On November 4, 1992, Lee was granted free agency.

===Texas Rangers===
On December 19, 1992, the Texas Rangers signed Lee as a free agent to become the team's starting shortstop. After missing the Rangers first eight games, Lee made his Texas debut on April 16, 1993, getting a hit and a run in a 5–3 loss to the New York Yankees at Yankee Stadium. Lee battled injuries during the season, appearing in only 73 games, batting .220 with one home run and 12 RBI. He rebounded in the 1994 season, as Lee hit .278 with two home runs and 38 RBI in 95 games with Texas before the season ended early due to the 1994 Baseball Strike. At the time of the strike, the Rangers were leading the American League West.

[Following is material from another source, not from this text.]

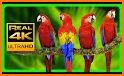 Macaw Parrot Theme related image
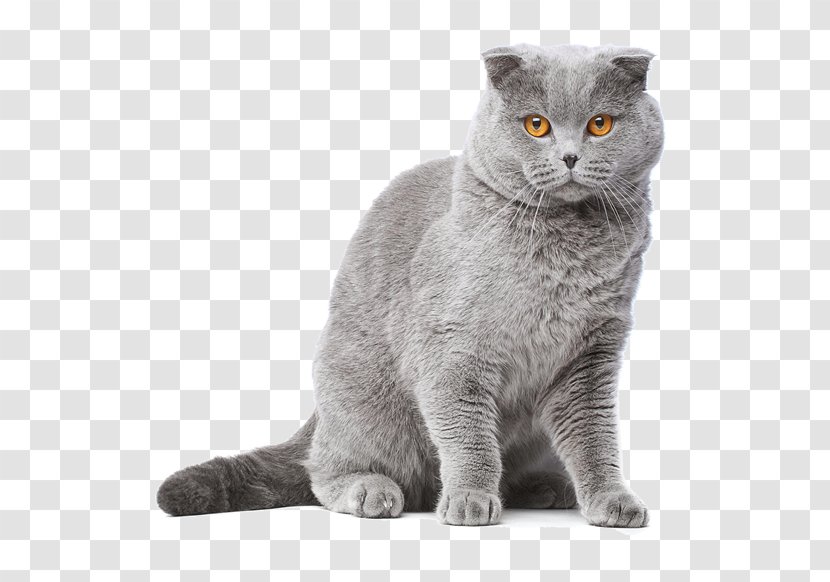 Chartreux British Shorthair Malayan Cat European Semi-longhair - American Wirehair - Dog Transparent PNG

On October 28, 1994, Lee became a free agent.

===St. Louis Cardinals===
The St. Louis Cardinals signed Lee on April 18, 1995. He made his Cardinals debut on April 26, 1995, against the Philadelphia Phillies at Busch Stadium. Lee earned a hit in his first, and only Cardinals at-bat, as he left the game in the fourth inning due to an injury. The Cardinals sent Lee to the minor leagues for a rehab assignment, where in 12 games, he hit .308, however, St. Louis released Lee on June 22. Lee announced his retirement shortly after.